Is it possible to organize a unified movement of the multi-racial working class? This is a question that has been asked by countless left and labor organizers throughout the years. When we look towards the goals of eliminating the evils of exploitation and oppression through the organization of a mass working-class base, organizers often look back to a few key moments in American history. Common touchpoints are abolitionism and the early Republican Party, the industrial unionism of the CIO and the New Deal, or the Civil Rights Movement and the Great Society.
However, when we look at our current situation in 2025, it looks a lot less like 1935 or 1964 and a lot more like the early 1880s. A social situation marked by backlash against racial and gender progress, a federal government and Supreme Court united in its hostility to labor rights, and an unstable and changing economy in which many of the previously most reliable trades were suddenly being automated and made more precarious.

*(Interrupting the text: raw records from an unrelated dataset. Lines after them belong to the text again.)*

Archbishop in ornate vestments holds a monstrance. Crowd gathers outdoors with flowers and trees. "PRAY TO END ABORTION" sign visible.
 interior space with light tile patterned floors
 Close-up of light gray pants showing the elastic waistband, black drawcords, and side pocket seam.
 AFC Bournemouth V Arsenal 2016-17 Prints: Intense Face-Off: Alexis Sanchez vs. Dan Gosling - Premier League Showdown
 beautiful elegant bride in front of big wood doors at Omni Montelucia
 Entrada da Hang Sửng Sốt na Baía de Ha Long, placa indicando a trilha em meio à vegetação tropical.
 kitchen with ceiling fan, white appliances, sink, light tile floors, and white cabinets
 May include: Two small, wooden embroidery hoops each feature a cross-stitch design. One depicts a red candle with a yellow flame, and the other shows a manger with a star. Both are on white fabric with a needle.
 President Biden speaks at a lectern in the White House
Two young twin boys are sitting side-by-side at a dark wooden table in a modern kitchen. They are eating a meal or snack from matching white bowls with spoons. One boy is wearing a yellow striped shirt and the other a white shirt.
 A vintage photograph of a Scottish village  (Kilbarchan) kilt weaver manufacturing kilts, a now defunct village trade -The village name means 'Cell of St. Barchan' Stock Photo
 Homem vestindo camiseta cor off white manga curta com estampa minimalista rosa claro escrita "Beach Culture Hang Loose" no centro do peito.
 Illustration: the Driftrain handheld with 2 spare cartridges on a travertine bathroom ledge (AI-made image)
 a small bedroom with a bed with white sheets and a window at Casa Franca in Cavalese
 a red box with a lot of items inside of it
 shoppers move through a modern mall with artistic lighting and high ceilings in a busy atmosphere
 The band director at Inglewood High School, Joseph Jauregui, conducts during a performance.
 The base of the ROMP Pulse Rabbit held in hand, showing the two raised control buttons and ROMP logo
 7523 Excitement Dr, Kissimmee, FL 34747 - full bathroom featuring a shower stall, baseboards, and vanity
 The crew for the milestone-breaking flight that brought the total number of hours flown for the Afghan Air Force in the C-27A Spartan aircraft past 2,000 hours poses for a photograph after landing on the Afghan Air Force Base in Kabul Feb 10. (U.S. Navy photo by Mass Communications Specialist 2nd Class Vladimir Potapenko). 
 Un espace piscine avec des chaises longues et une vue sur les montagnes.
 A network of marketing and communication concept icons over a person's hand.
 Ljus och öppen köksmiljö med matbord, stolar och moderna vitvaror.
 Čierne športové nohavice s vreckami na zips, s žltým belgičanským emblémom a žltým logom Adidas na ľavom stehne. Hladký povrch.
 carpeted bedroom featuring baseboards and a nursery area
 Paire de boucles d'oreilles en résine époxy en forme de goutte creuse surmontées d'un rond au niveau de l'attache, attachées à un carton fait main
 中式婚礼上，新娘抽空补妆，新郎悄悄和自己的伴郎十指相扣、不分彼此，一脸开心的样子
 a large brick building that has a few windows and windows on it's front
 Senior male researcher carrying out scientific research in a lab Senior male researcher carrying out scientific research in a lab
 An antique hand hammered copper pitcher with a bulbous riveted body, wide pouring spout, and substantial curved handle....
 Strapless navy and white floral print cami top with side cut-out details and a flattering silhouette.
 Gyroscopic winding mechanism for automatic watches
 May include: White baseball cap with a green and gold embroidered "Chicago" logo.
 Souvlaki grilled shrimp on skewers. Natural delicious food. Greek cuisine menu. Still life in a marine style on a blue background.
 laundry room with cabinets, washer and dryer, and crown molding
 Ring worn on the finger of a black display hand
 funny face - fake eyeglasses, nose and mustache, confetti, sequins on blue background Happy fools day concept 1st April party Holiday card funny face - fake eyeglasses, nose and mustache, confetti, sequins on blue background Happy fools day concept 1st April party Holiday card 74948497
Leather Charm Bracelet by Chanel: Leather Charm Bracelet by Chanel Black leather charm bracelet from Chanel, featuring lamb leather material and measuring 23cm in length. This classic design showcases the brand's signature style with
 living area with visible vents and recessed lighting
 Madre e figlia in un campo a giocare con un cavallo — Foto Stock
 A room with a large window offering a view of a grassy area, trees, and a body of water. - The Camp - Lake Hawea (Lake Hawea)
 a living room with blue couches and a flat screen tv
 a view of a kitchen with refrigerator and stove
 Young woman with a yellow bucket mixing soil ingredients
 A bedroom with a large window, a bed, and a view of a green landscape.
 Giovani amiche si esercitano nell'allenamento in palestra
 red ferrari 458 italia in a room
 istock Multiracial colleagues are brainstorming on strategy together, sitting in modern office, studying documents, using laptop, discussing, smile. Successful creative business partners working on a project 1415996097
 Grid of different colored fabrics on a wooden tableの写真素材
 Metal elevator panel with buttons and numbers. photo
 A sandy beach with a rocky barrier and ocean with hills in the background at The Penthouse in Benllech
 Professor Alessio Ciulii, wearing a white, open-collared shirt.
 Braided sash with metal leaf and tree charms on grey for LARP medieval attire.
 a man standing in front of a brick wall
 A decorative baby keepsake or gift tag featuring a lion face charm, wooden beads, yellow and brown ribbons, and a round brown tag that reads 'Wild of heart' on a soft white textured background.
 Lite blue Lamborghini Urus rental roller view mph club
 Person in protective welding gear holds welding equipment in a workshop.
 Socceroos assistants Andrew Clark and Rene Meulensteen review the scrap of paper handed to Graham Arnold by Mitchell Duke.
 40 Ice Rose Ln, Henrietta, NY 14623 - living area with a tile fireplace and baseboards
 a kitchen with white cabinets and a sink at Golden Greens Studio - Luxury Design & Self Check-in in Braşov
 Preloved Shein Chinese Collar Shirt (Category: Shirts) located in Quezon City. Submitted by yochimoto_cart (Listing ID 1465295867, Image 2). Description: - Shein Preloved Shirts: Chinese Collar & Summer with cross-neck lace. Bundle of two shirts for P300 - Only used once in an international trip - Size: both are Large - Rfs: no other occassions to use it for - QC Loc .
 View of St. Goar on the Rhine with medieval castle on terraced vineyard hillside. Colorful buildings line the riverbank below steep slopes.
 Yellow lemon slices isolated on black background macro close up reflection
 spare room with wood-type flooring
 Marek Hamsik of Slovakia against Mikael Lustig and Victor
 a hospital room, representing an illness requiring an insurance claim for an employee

In this era, conditions seemed about as hopeless for solidarity and building power as they do now. But it was out of these conditions that the Noble and Holy Order of the Knights of Labor was born. The Knights were the first ever truly national labor organization and the first major labor organization to organize the skilled and unskilled, men and women, Black and white, immigrant and native born. In 1886, they briefly surged to reach a membership of 700,000, orders of magnitude larger than any union in American history, before suddenly collapsing and going almost extinct within a decade.
As we look to build a working class coalition in the 2020s, we can learn from both the successes and failures of the Knights of Labor in the 1880s.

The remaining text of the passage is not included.